Borges first argues that he had a constitutional right under the Equal Protection Clauses of the U.S. and Nebraska Constitutions to an SSAS evaluation, which is available to other drug offenders in certain Nebraska counties. The SSAS program was implemented to reduce overcrowding in prisons and promote rehabilitation for drug offenders who would riot be considered suitable for traditional or intensive supervision probation. The program is offered to offenders with prior felony drug convictions. To qualify, an offender must complete an assessment, which includes a "whole life needs" assessment and a chemical dependency evaluation. The SSAS program started in 2006 and has been utilized in Douglas, Lancaster, Sarpy, Dakota, Buffalo, and Dawson Counties. At the time of the hearing, the remaining 87 Nebraska counties were not involved with the program.
[4,5] The Nebraska Constitution and the U.S. Constitution have identical requirements for equal protection challenges. Kenley v. Neth, 271 Neb. 402, 712 N.W.2d 251 (2006). The initial inquiry in an equal protection analysis focuses on whether the challenger is similarly situated to another group for the purpose of the challenged governmental action. Id. Absent this threshold showing, one lacks a viable equal protection claim. Id.
The district court concluded that Borges was not similarly situated based upon the finding that the evidence did not establish what type of criminal defendant is evaluated for the SSAS program in the counties where the program is being utilized, other than the generic classification "felony drug offenders." The court specifically listed a lack of evidence on the eligible defendants' "prior offenses (nature and number of priors), whether they had been on probation in the past and the success of those efforts, whether they had been incarcerated previously, for how long and with what level of recidivism." The party alleging a violation of equal protection has the burden to prove that the classification violates the principle of equal protection. See Le v. Lautrup, 271 Neb. 931, 716 N.W.2d 713 (2006). Borges did not identify the precise evaluation criteria for the program, other than that several assessments were required, and failed to show that he would be eligible for the SSAS program even if it were available to him in Cheyenne County. Thus, we agree that the evidence adduced at the hearing failed to show that Borges was similarly situated to felony drug offenders who had been deemed eligible for the SSAS program.

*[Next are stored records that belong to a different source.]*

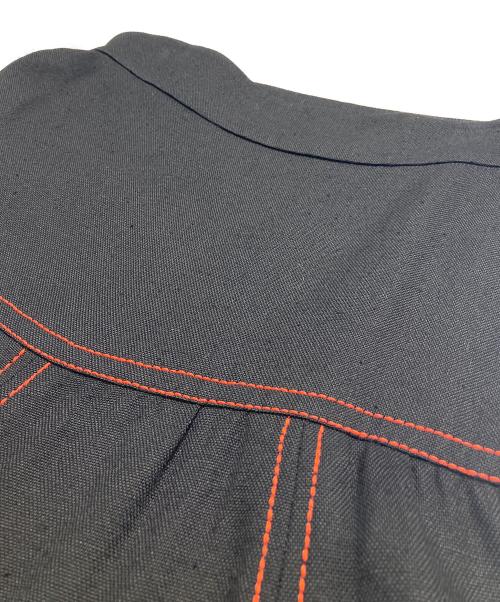 GUCCI（グッチ）GUCCI (グッチ) コントラストステッチ ロングスカート ブラック サイズ:40の古着・服飾アイテム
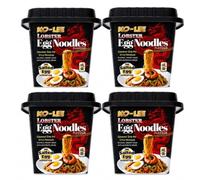 Ko-Lee Egg Noodles Multipack 4 x 92g - Chilli & Lobster Flavours - Gourmet Asian Instant Noodles - Stir Fry Style - Quick & Easy Snack or Meal - Grocery King (Lobster Egg Noodles 4 x 92g)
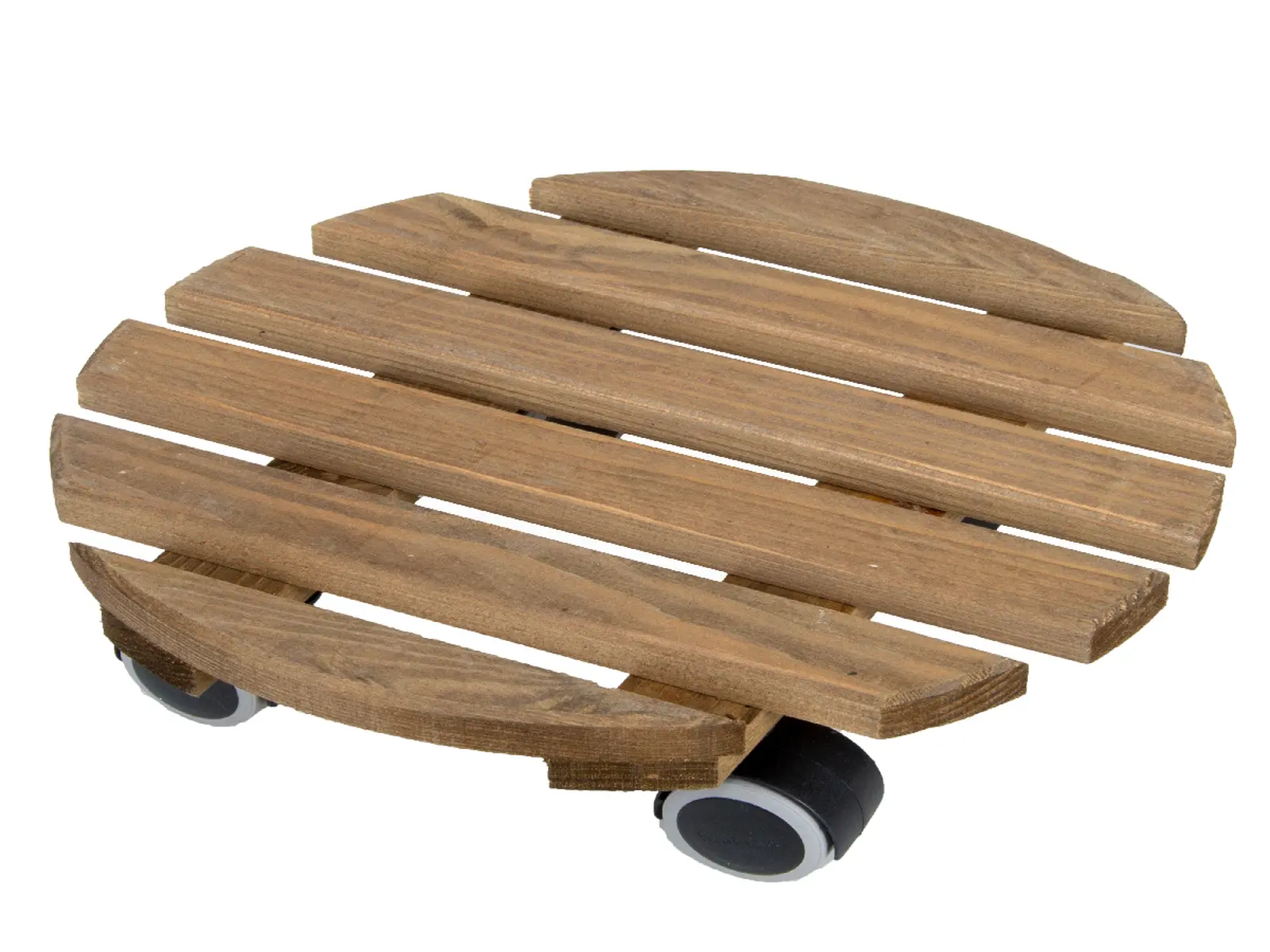 Podložka pod květináč, pojízdná, pr. 29cm, hnědá, INDOOR|Esschert Design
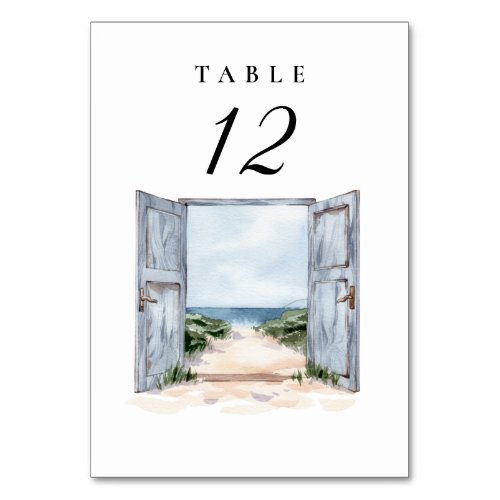 Rustic Beach Wedding Table Number
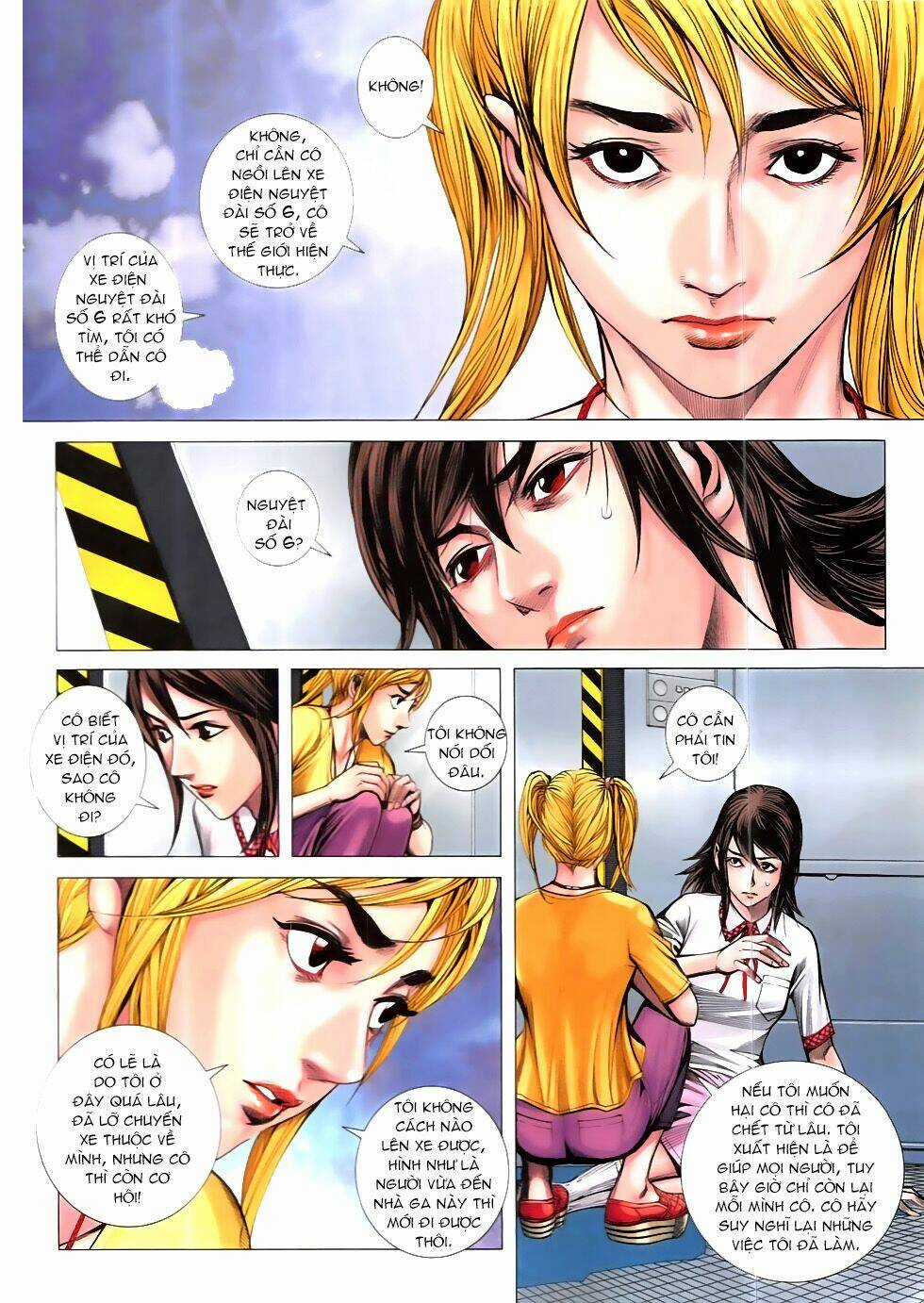 Nhà Ga Như Nguyệt Chapter 3 trang 9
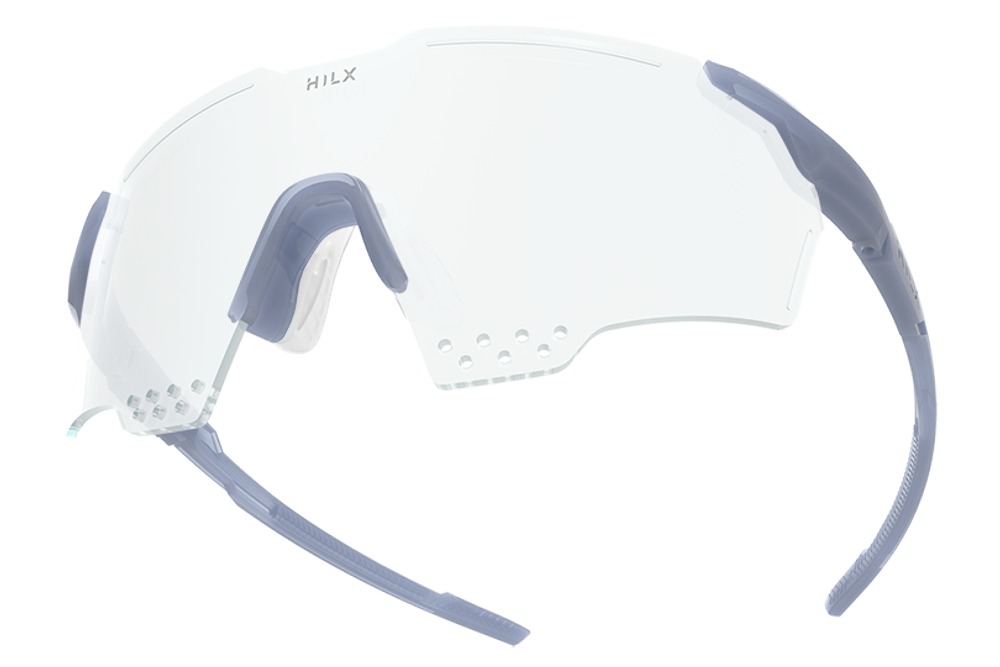 Спортивные очки HILX Gladiator (L) / Shiny Crystal Milky Light Grey / Photochromic Lens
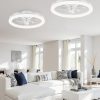 71-DSpvZcjL._AC_SL1500_.jpg windphoto 2 Pack 20" Ceiling Fans with Lights and Remote for Bedroom, White | Low Profile Fan Light, 3000K-6000K Stepless Dimmable Fandelier, 6 Speed, Reversible DC Motor, APP & Remote Control, Low Noice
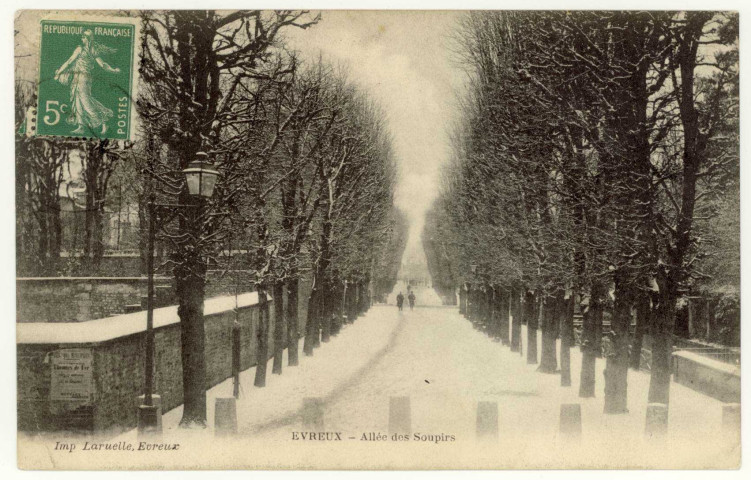 Evreux-Ville. Allée des Soupirs.
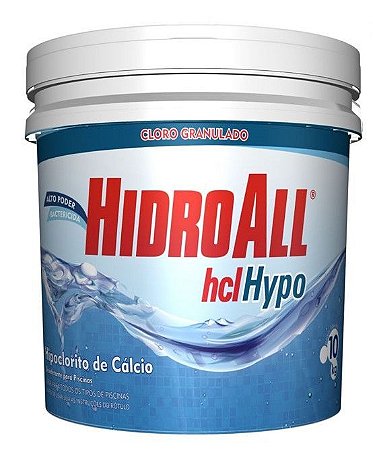CLORO HIPOCLORITO DE CÁLCIO HIDROALL 10KG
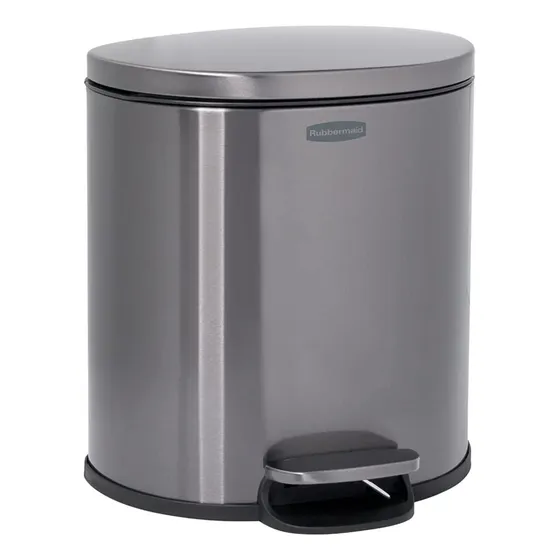 Bote De Basura Rubbermaid De Acero Inoxidable De 6 Litros Co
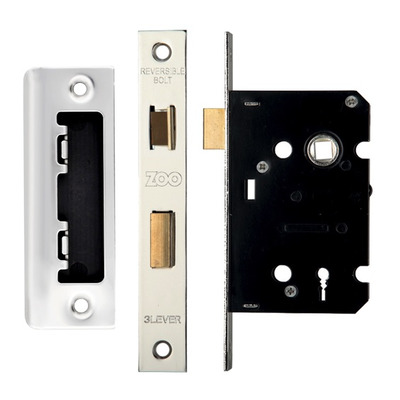 Zoo Hardware 3 Lever Contract Sash Lock (64mm OR 76mm), Satin Stainless Steel - ZSC364SS 76mm (3 INCH) - SATIN STAINLESS STEEL (KEYED ALIKE)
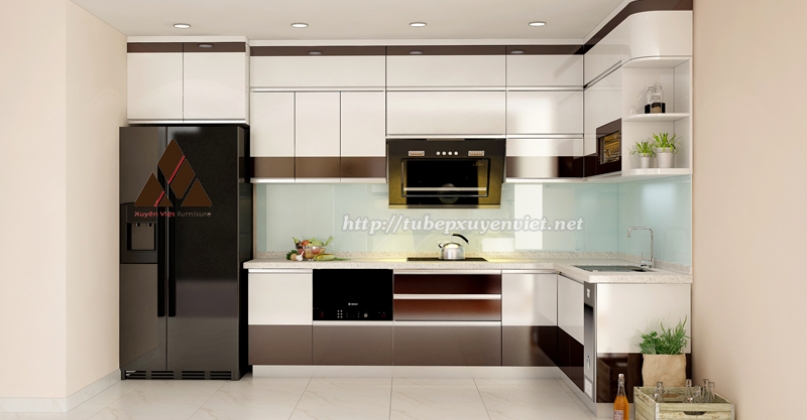 Tủ bếp nhà chung cư Anh Giang - Hòa Bình Green City XV28216
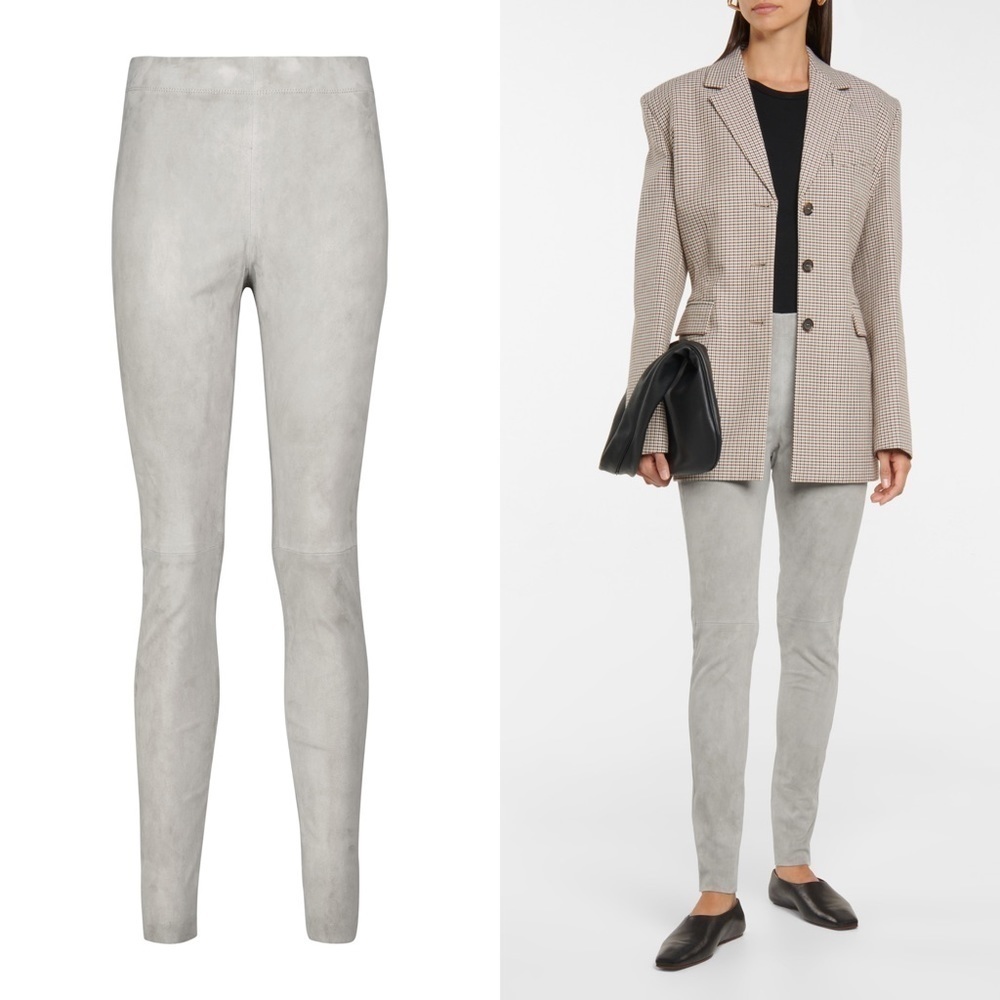MARCCAIN Additions Sand Pull On Stretchy Faux Suede Leggings Pants size 10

[7,8] However, even if Borges were similarly situated to other felony drug offenders who were eligible for the SSAS program, he failed to show that he was entitled to an SSAS evaluation under the Equal Protection Clause.
The Equal Protection Clause does not forbid classifications; it simply keeps governmental decisionmakers from treating differently persons who are in all relevant respects alike. . . . In an equal protection challenge to a statute, the degree of judicial scrutiny to which the statute is to be subjected may be dispositive. . . . If a legislative classification involves either a suspect class or a fundamental right, courts will analyze the statute with strict scrutiny. . . . If it does not, then courts analyze the classification using rational basis review.
State v. Senters, 270 Neb. 19, 27, 699 N.W.2d 810, 818 (2005) (citations omitted).
[9-11] Borges argues in his brief that he has a fundamental liberty interest and that therefore, strict scrutiny should be utilized by the court. However, what that liberty interest would be in this case is unclear and, during the hearing on the motion for the SSAS evaluation, Borges' counsel conceded that the rational basis test applies.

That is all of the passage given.